I have considered the submissions of both the sides and gone through the materials on record. This is a suit for partition where defendant 4 (predecessor of the petitioners) appeared and claimed saham. The suit was decreed on compromise with defendant 4. The plaintiffs were given saham of 2.05 acres and the predecessor of these petitioners as defendant 4 got .705 acres in terms of the solenama. Defendant 4 agreed with the terms of solenama and Court allowed the parties to compromise the suit as prayed for and allocated saham to them as above. It appears that the preliminary decree was prepared on 20.06.1966 and the plaintiffs filed application for getting saham by appointing an Advocate Commissioner long after. The Court passed order upon it on 26.10.2009. The appointed Advocate Commissioner performed his job and submitted report on 09.06.2010. The Assistant Judge by order No.55 dated 29.09.2011 accepted the report and accordingly final decree was prepared. The petitioners raised objection against the report that by the passage of time the position of the suit land has been changed because both the parties transferred some lands from suit land to third parties through kabalas and as such the Advocate Commissioner cannot allocate saham as per terms of the preliminary decree.
It is well settled position of law that a final decree is to be prepared in terms of preliminary decree. The Advocate Commissioner or the Court has nothing to do or go beyond the terms of the preliminary decree. The report submitted by the Commissioner is found as per the terms of the preliminary decree. Although defendant 4 raised objection against said report and claimed more land than that of allocated to him but such claim cannot be accepted by the Commissioner or by the Court in any manner whatsoever. Against the report of the Commissioner and rejection of the objection, the petitioner earlier approached in this Division. Although this division passed judgment in Civil Revision No.1659 of 2014 in their favour but it was set aside by the Appellate Division in Civil Petition for Leave to Appeal No.3255 of 2014. The Appellate Division observed that it is a device of the petitioners to delay the final adjudication of the suit and that the decree holder should not be deprived of enjoying the decree for indefinite period. The appellate division further directed trial Court to proceed with the execution case and to dispose of it expeditiously. According to the direction of the Appellate Division the trial Court proceeded with the decree and prepared final decree. Defendants 4(Ka)-4(Jha) then preferred appeal before the District Judge. The appeal was barred by limitation of 1683 days. An application with the appeal for condonation of delay under section 5 read with section 14 of the Limitation Act was filed. But the Court of appeal below on admission hearing dismissed the appeal summarily stating the aforesaid facts of moving defendant 4 up to the Appellate Division. On perusal of the memorandum of appeal filed with the revisional application, I do not find that any ground has been taken therein that the trial Court committed any error of law or of fact in preparing the final decree in the suit. In the appeal
On going through the application for taking additional evidence filed by the petitioners, I find that no statement has been made therein that prevented the petitioners to file those documents in the trial Court or in the appellate Court. The documents (photocopies) submitted with the application appears subsequent transfers, i.e., after pronouncement of the judgment and preliminary decree in the original suit. Since the documents and statements made in the application are beyond the pleadings and not relevant in disposing this suit, I find no reason to entertain it for taking additional evidence. The application is, therefore, rejected summarily.

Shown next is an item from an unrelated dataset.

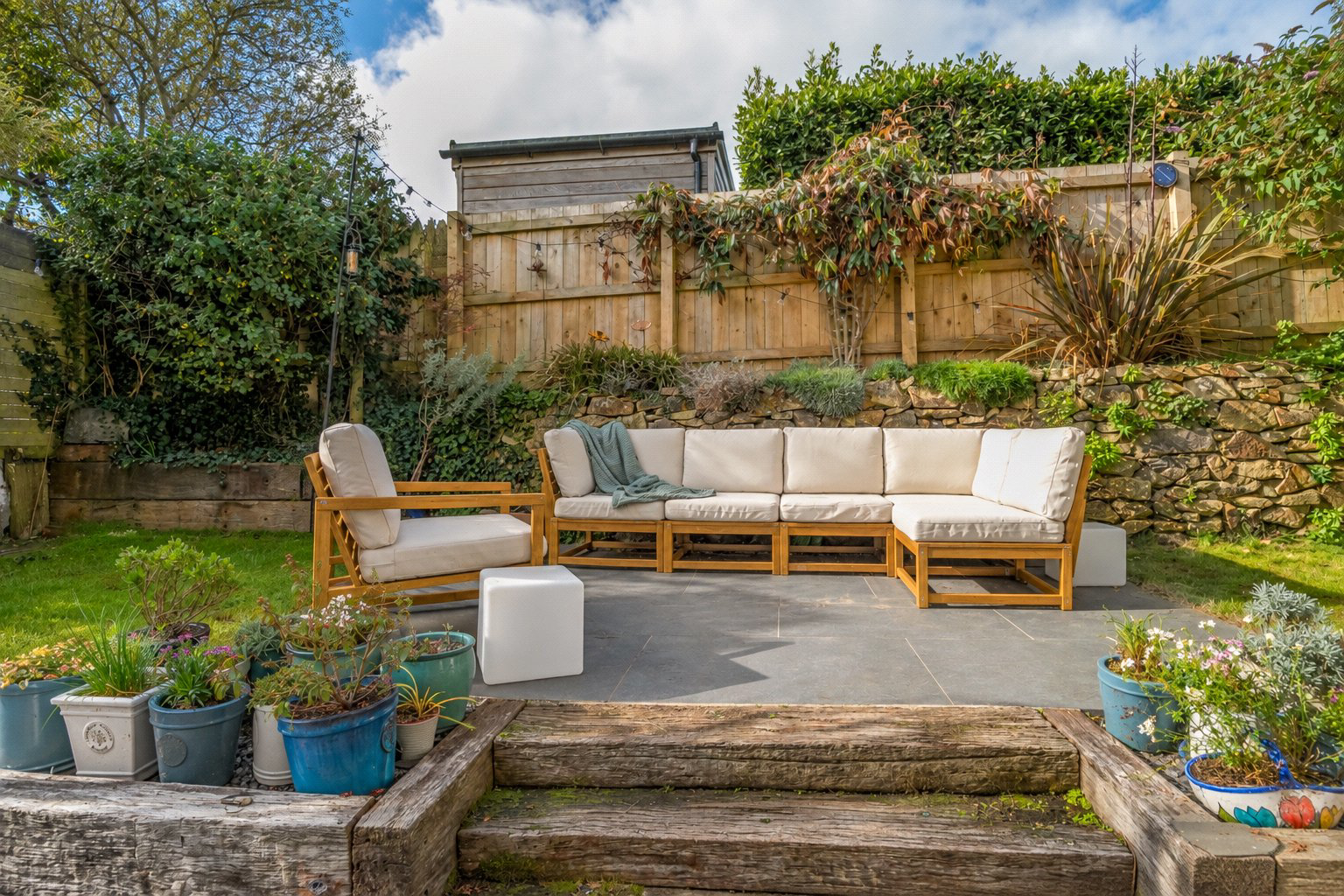 Tresean, Cubert, Newquay, Cornwall, TR8, photo 16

I have already discussed about the present position of the final decree prepared by the trial Court. The appeal was preferred before the District Judge challenging the final decree. The appellate Court ought to have disposed of the appeal on merit subject to condonation of delay of 1689 days. Although learned District Judge did not enter into the merit of the case but on perusal of the judgment and decree passed by the trial Court and the judgment passed by the Appellate Division in Civil Petition for Leave to Appeal No.3255 of 2014, I find nothing to interfere with the judgment and order passed by the lower appellate Court. I find no ground in the revisional application that the trial Court committed any error in preparing the final decree as per the terms of the preliminary decree.
Therefore, I find no merit in this Rule. Accordingly, the Rule is discharged. No order as to costs. The judgment and order passed by the appellate Court dismissing the appeal summarily affirming the judgment and final decree of the trial Court is hereby affirmed.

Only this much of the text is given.